◆ Exercise ◆
Your output should consist of the lines from the first line of the records below through the one with "So this is the", exactly, minus the pictures.

◆ Dataset entries ◆
⟨

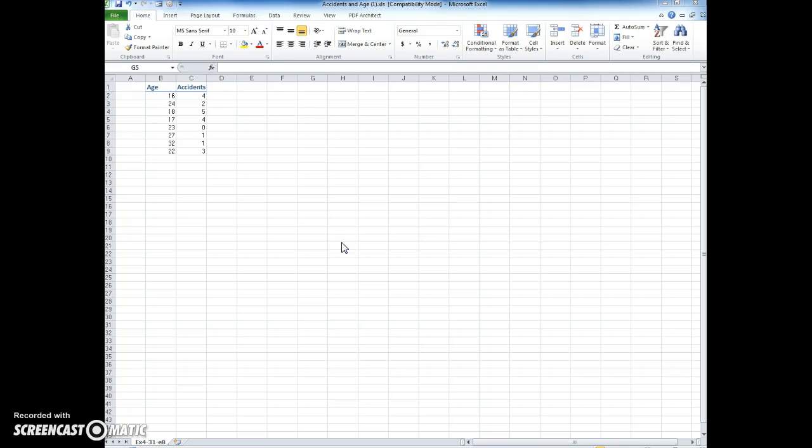This worksheet is available in Blackboard. It's called Accidents and Age. We have two variables: the individual's age that was surveyed and how many accidents they had in the last year.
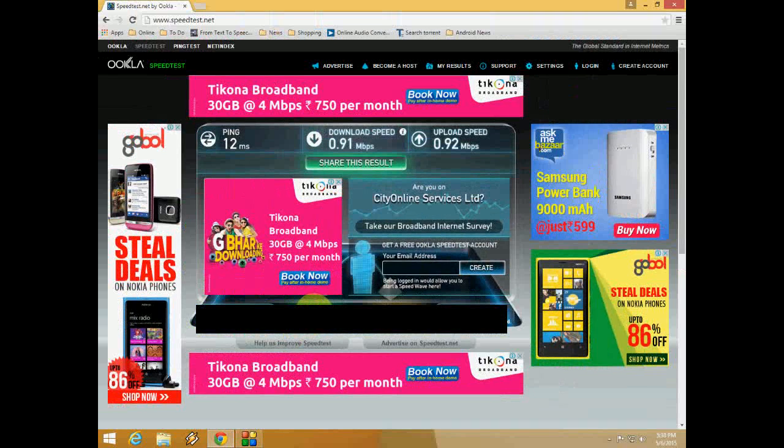So this is the way to test your internet speed. Thank you for watching.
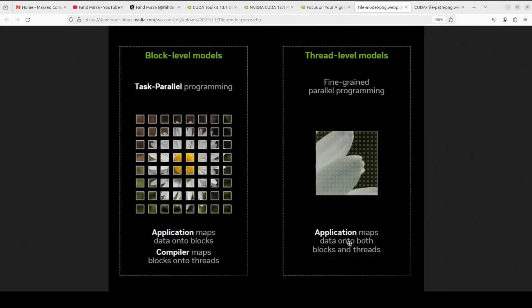You control everything — powerful, but a lot of complications. Now look at the left-hand side, which is the block-level model — this is CUDA Tile. See how it's just clean colored blocks, no mesh, no fine detail. You only partition your data into blocks, those tiles, and the compiler maps blocks onto threads. The compiler does the detailed work. You just say 'here are the chunks of data, do this operation' and you're done — task-parallel programming instead of fine-grained parallel programming.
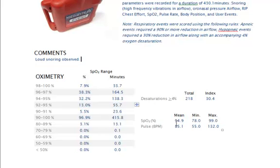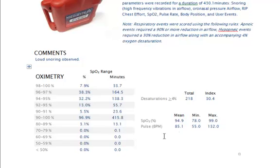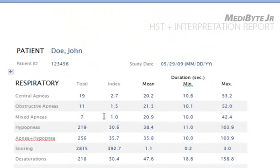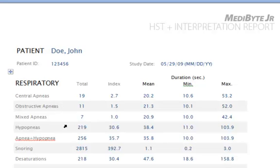Most pulse oximeters are not sufficiently capable of detecting blood oxygenation levels below 50% with reasonable accuracy. On page 2, it's a breakdown of the respiratory events: central apneas, obstructive apneas, mixed apneas, hypopneas, total of apneas plus hypopneas, snoring events, desaturations.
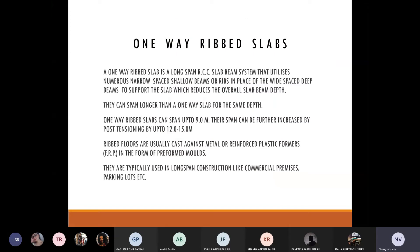The first type is the one-way rib slab, which is a long-span RCC slab-beam system that utilizes many narrow, hollow, shallow beams or ribs instead of widely-spaced deep beams. Instead of having 600–700 mm thick beams, here we can opt for around 300–400 mm ribs, which gives us clear space below.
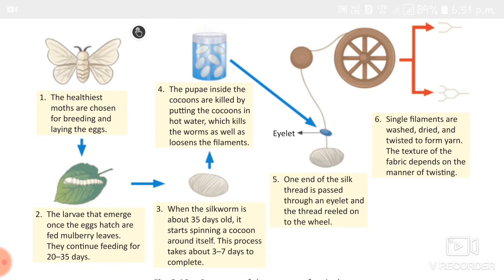After the cocoon stage is complete, the caterpillar changes into the pupal stage and then becomes an adult moth. The pupa inside the cocoon is killed by putting it in hot water, which also loosens the filaments. This process is called boiling — it both kills the pupa and loosens the filaments.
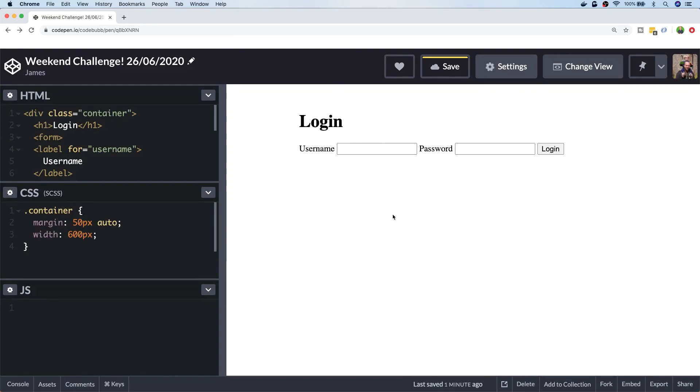Hi, it's James here and I'm starting a new series on the Junior Developer Central YouTube channel. It's all about practicing your JavaScript skills by completing a weekend challenge.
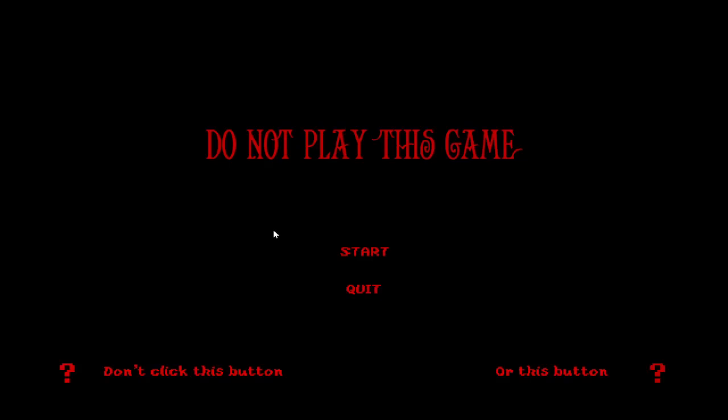Hello guys, and welcome to Don't Play This Game, where I'm going to be playing this game.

⟩

◆ Exercise output ◆
This worksheet is available in Blackboard. It's called Accidents and Age. We have two variables: the individual's age that was surveyed and how many accidents they had in the last year.
So this is the way to test your internet speed. Thank you for watching.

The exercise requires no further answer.